*Work item*
Copy out each line of the material below that holds the string "climbing".

--------------------------------

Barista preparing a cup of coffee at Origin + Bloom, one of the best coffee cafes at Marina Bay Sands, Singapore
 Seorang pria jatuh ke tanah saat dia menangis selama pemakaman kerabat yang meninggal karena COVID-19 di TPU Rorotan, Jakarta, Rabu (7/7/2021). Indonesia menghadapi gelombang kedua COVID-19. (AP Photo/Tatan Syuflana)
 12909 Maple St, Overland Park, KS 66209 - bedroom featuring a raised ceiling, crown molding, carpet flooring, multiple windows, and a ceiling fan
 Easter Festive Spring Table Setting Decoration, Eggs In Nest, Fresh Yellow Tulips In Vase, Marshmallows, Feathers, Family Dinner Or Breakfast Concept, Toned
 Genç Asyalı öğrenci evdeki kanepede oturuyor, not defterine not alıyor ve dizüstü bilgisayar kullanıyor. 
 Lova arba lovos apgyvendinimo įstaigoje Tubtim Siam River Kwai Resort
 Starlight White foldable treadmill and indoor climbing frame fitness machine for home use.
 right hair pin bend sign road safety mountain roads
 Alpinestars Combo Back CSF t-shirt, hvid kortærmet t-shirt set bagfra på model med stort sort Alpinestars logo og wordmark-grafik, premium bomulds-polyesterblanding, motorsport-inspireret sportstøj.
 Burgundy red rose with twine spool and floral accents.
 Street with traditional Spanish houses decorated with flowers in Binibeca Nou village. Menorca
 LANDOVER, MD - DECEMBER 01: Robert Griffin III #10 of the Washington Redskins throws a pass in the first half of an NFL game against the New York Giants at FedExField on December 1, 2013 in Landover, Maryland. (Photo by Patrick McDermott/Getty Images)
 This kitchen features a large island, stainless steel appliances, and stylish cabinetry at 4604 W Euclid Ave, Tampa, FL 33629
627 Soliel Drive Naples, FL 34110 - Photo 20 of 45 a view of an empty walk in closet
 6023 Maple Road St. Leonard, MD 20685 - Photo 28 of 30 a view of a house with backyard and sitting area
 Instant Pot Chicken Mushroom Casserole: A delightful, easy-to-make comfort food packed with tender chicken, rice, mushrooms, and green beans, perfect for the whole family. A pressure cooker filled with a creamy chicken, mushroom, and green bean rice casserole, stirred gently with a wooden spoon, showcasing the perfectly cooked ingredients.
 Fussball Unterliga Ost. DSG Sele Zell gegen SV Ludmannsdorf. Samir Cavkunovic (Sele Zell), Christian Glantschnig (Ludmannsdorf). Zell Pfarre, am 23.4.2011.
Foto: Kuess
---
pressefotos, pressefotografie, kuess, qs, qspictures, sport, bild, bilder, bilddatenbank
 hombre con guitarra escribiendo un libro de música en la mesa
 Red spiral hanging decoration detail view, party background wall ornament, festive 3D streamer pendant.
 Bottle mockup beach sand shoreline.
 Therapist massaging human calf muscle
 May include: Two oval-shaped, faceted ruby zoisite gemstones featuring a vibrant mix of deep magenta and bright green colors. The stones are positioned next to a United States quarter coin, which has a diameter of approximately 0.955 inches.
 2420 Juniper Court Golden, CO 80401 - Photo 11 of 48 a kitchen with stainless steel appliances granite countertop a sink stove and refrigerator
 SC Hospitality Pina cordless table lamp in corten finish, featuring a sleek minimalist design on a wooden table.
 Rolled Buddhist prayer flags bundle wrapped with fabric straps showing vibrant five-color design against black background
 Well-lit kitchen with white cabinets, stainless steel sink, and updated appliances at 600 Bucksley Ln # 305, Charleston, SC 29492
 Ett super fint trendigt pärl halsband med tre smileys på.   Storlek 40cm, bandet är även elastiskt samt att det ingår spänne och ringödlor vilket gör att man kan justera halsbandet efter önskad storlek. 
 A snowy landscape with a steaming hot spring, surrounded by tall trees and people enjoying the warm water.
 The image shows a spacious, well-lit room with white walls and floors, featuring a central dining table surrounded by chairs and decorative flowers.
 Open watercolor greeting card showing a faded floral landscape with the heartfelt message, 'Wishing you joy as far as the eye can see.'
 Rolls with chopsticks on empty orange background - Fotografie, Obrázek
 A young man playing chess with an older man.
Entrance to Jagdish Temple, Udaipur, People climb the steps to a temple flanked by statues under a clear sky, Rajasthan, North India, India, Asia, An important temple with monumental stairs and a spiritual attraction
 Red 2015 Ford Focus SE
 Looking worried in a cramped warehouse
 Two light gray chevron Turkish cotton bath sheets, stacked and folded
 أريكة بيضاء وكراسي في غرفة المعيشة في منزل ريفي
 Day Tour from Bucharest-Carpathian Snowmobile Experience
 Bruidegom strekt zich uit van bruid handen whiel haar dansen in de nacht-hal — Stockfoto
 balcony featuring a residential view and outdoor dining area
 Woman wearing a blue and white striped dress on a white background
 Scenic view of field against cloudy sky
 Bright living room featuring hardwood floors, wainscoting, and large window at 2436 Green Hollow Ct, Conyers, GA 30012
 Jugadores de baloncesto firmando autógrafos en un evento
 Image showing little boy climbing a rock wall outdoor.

--------------------------------

*Solution to this exercise*
 Starlight White foldable treadmill and indoor climbing frame fitness machine for home use.
 Image showing little boy climbing a rock wall outdoor.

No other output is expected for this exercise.